→ **Exercise brief**:
Of the lines below, report only those that contain "Party".

→ **Data in this exercise**:

== Segment start ==

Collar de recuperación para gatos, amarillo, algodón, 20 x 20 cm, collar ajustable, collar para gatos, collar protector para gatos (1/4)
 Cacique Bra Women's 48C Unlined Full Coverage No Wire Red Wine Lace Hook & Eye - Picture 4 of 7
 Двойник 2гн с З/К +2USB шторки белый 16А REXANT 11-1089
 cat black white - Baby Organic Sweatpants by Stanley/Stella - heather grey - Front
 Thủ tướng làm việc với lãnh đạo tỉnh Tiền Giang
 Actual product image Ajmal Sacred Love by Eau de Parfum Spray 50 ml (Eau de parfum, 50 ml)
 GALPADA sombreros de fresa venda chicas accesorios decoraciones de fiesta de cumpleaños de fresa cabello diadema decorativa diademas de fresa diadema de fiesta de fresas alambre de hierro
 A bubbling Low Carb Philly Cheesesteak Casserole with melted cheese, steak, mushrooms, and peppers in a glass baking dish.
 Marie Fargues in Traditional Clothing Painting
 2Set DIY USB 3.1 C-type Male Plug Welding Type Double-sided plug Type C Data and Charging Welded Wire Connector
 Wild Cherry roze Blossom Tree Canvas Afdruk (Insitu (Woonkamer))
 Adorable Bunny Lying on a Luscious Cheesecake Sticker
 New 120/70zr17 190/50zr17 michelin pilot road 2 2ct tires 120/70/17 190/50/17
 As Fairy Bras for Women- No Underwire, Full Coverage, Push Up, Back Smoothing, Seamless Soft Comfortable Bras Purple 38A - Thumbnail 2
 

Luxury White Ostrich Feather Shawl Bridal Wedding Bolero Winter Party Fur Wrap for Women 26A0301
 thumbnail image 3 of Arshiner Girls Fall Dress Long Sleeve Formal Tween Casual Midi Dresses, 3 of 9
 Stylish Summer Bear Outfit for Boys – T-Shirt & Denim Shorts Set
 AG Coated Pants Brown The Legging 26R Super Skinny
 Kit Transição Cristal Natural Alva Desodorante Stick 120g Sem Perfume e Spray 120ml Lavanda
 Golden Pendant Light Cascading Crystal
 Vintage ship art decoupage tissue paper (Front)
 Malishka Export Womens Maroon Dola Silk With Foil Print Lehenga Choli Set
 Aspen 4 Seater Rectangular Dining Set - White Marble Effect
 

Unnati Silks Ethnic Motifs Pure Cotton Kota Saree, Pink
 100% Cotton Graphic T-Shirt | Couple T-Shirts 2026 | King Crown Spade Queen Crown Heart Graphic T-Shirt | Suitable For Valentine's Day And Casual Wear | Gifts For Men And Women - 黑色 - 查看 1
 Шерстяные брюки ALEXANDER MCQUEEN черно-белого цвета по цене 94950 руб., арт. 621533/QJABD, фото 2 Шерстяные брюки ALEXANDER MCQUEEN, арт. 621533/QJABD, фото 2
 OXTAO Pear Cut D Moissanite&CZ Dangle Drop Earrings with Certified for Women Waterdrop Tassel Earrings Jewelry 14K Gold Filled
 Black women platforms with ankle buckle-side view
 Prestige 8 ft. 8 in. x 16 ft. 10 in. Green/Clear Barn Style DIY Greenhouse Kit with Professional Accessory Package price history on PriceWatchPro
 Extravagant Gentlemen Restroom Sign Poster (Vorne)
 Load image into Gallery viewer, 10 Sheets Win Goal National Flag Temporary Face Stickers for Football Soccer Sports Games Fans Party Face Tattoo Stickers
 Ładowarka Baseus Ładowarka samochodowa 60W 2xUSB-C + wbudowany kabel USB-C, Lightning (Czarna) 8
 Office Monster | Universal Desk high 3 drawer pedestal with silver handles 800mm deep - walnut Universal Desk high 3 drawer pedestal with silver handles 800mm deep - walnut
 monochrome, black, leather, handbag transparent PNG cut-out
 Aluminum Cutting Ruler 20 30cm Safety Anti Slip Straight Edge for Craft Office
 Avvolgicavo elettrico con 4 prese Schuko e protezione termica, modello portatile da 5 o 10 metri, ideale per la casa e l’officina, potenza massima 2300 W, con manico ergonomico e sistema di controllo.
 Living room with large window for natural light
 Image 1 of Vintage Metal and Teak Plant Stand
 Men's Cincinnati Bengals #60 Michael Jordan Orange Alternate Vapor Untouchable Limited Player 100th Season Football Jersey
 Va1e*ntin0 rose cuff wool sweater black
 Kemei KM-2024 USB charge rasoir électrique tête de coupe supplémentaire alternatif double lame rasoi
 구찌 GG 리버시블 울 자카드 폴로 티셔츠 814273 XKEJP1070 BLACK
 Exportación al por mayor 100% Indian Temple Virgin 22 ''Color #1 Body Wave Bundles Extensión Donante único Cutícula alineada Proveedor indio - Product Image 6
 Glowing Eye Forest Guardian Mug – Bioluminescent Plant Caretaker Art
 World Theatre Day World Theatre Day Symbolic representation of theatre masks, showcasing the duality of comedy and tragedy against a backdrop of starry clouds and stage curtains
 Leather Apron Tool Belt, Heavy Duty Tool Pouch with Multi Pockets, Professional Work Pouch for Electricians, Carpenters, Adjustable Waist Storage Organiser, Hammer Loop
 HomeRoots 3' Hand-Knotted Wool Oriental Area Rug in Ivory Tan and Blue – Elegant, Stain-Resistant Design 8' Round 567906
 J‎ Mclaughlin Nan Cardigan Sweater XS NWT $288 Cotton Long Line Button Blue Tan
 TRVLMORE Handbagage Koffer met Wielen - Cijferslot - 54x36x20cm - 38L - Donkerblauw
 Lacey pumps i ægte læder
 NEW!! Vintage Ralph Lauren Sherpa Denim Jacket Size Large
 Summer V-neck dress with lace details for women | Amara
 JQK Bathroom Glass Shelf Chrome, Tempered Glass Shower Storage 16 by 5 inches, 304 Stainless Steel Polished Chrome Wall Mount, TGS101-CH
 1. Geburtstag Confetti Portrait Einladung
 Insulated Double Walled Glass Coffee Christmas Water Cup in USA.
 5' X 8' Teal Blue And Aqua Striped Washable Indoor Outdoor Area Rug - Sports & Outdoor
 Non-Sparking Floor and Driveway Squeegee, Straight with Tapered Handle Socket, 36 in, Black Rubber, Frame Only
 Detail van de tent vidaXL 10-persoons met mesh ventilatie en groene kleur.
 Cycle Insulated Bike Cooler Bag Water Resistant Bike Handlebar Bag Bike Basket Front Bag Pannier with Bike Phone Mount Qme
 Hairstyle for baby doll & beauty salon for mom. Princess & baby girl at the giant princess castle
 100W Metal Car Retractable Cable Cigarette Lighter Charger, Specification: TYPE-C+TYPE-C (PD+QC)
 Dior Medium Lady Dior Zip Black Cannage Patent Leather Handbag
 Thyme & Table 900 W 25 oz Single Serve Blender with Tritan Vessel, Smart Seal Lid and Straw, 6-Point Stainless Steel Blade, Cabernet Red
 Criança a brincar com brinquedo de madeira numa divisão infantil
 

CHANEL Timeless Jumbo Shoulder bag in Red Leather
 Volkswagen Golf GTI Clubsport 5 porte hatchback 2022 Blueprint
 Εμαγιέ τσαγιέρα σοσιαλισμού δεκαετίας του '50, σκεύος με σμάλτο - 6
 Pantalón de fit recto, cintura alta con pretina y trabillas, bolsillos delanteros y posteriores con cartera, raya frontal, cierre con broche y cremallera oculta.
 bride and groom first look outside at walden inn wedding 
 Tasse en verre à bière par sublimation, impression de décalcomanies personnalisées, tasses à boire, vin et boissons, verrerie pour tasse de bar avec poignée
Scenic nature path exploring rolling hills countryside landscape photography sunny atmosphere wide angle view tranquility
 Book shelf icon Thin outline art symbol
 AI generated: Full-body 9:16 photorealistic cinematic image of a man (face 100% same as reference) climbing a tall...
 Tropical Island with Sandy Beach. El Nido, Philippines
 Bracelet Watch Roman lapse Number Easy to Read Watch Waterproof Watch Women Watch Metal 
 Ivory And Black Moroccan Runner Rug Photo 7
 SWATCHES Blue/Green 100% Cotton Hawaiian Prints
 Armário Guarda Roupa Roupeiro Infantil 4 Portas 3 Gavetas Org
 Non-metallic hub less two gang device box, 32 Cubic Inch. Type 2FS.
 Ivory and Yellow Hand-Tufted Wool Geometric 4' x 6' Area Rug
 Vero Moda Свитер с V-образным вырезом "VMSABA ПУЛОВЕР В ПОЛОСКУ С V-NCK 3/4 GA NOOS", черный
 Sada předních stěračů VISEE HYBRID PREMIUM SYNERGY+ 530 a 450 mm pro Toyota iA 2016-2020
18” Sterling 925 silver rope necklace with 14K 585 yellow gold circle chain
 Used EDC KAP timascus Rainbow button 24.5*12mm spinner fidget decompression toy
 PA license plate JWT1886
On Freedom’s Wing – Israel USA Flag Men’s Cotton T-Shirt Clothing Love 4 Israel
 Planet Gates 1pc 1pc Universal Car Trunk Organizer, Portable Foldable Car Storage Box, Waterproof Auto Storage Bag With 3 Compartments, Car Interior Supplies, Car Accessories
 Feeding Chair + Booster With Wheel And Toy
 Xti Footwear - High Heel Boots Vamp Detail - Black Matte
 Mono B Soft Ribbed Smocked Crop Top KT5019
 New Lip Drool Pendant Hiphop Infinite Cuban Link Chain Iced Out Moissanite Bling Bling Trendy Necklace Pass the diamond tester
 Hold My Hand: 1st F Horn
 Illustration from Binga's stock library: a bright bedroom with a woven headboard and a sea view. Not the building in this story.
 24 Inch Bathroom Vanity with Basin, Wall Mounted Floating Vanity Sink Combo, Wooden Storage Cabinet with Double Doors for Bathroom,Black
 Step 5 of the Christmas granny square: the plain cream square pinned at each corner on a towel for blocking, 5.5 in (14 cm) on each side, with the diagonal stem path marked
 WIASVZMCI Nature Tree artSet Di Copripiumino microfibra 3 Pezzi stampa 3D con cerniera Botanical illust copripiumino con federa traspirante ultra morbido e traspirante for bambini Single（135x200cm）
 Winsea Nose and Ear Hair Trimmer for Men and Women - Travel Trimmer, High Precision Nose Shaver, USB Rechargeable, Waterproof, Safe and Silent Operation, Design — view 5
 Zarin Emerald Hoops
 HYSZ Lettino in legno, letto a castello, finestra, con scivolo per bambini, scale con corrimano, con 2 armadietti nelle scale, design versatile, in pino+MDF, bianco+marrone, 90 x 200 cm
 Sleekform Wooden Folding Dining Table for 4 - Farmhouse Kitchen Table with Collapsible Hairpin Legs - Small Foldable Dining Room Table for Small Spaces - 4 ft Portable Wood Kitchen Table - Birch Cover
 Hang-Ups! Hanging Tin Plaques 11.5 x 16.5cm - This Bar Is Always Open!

== Segment end ==

→ **Answer section**:
Luxury White Ostrich Feather Shawl Bridal Wedding Bolero Winter Party Fur Wrap for Women 26A0301
 Load image into Gallery viewer, 10 Sheets Win Goal National Flag Temporary Face Stickers for Football Soccer Sports Games Fans Party Face Tattoo Stickers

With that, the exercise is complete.